[Start of Attachment]

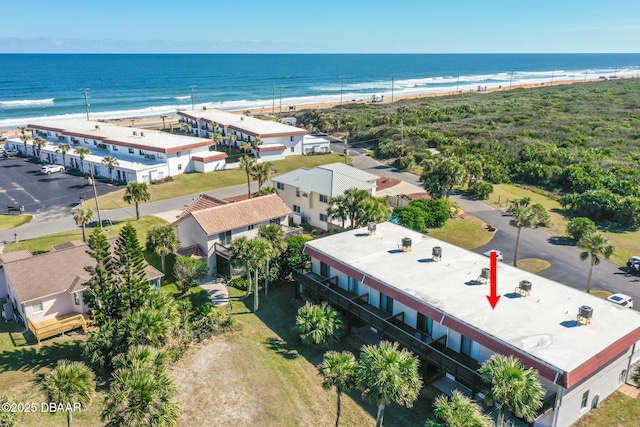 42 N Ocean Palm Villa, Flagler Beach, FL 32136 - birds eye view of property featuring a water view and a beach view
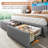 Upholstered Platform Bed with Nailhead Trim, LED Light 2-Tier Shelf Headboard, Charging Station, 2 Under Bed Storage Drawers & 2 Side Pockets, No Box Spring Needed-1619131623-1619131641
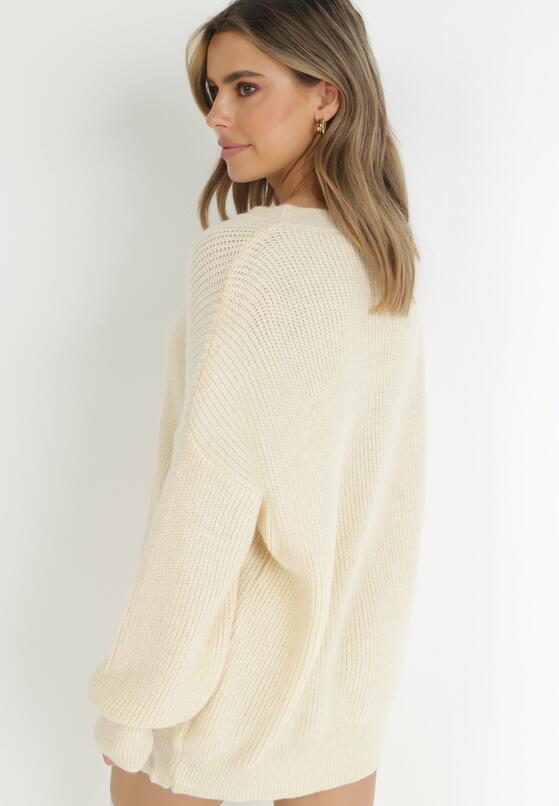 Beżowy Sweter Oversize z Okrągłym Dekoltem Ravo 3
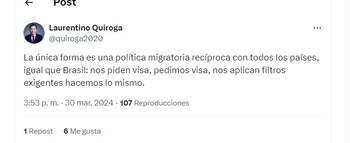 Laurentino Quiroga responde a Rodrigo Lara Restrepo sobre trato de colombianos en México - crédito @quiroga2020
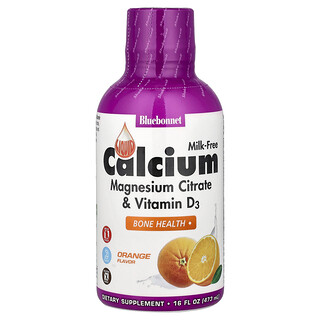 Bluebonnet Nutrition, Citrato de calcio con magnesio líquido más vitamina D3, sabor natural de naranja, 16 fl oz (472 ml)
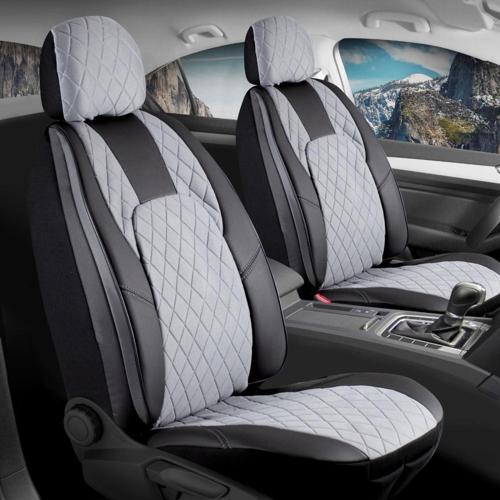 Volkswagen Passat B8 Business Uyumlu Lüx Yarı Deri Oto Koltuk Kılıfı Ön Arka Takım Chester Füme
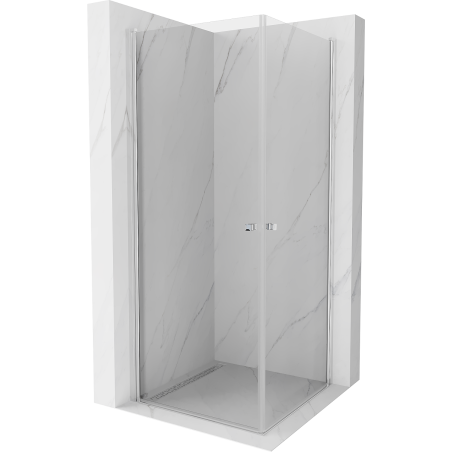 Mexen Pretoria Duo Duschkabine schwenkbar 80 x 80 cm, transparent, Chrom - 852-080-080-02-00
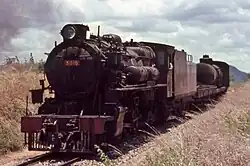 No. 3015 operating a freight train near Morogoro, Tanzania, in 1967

[End of Attachment]

▶ _AIM OF THE TASK_
The response has to be an exact copy of all the data, pictures excluded.

▶ _RESPONSE FOR THIS EXERCISE_
 42 N Ocean Palm Villa, Flagler Beach, FL 32136 - birds eye view of property featuring a water view and a beach view
 Upholstered Platform Bed with Nailhead Trim, LED Light 2-Tier Shelf Headboard, Charging Station, 2 Under Bed Storage Drawers & 2 Side Pockets, No Box Spring Needed-1619131623-1619131641
 Beżowy Sweter Oversize z Okrągłym Dekoltem Ravo 3
 Laurentino Quiroga responde a Rodrigo Lara Restrepo sobre trato de colombianos en México - crédito @quiroga2020
 Bluebonnet Nutrition, Citrato de calcio con magnesio líquido más vitamina D3, sabor natural de naranja, 16 fl oz (472 ml)
 Volkswagen Passat B8 Business Uyumlu Lüx Yarı Deri Oto Koltuk Kılıfı Ön Arka Takım Chester Füme
 Mexen Pretoria Duo Duschkabine schwenkbar 80 x 80 cm, transparent, Chrom - 852-080-080-02-00
 No. 3015 operating a freight train near Morogoro, Tanzania, in 1967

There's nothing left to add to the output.